§ Provided data
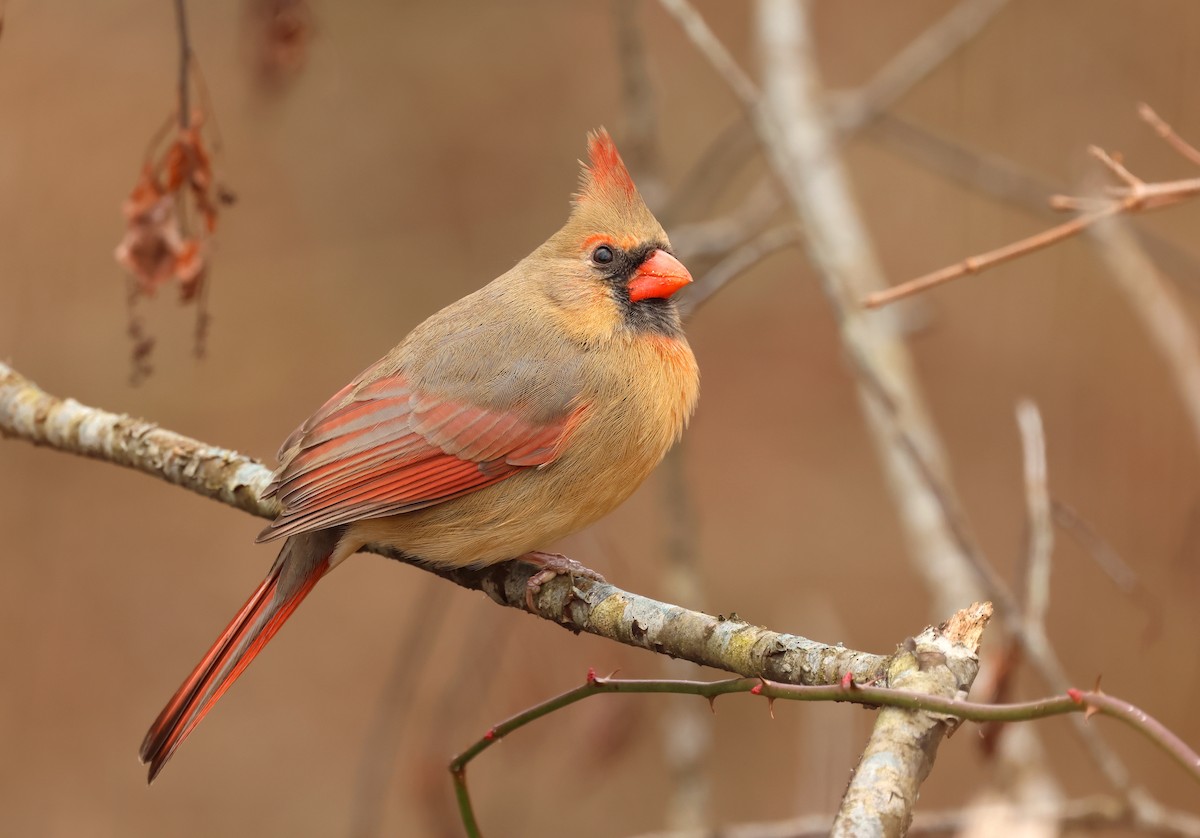 Northern Cardinal - ML646206914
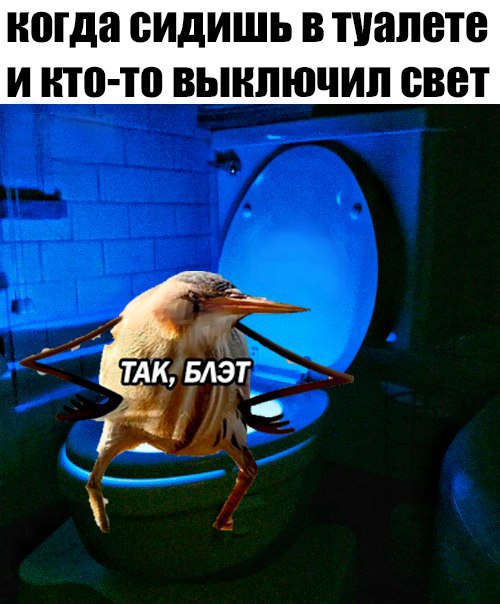 Когда сидишь в туалете и кто-то выключил свет
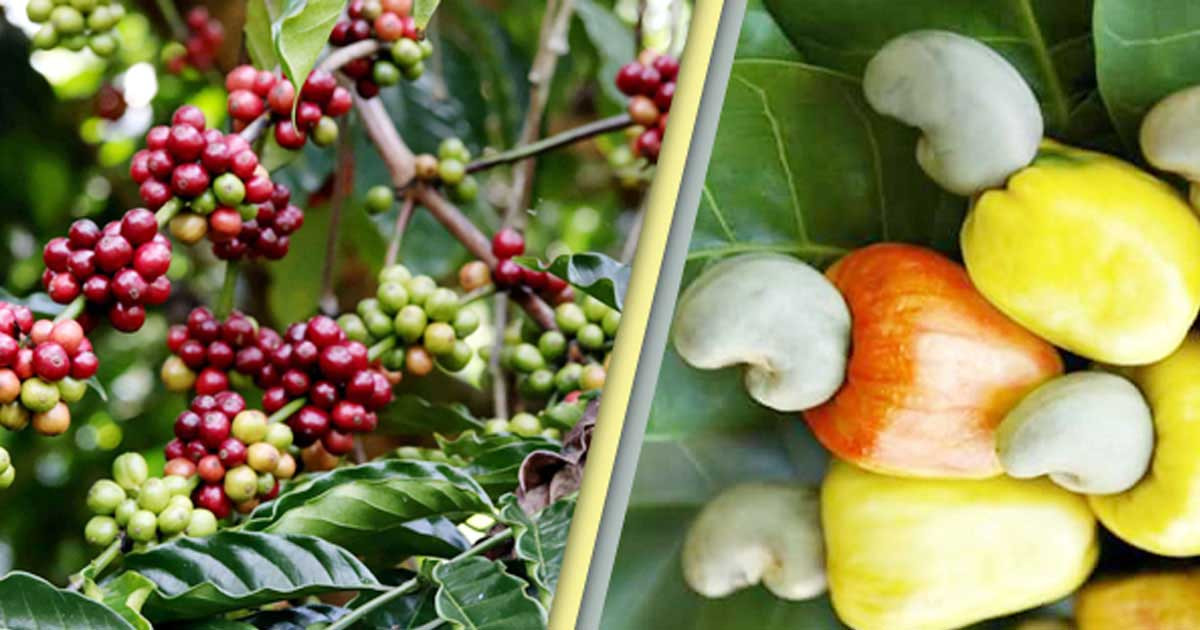 কাজুবাদাম ও কফি চাষে পাহাড়ি কৃষির নতুন দিগন্ত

§ Exercise description
Word for word, restate the whole listing and drop the images.

§ Response box
 Northern Cardinal - ML646206914
 Когда сидишь в туалете и кто-то выключил свет
 কাজুবাদাম ও কফি চাষে পাহাড়ি কৃষির নতুন দিগন্ত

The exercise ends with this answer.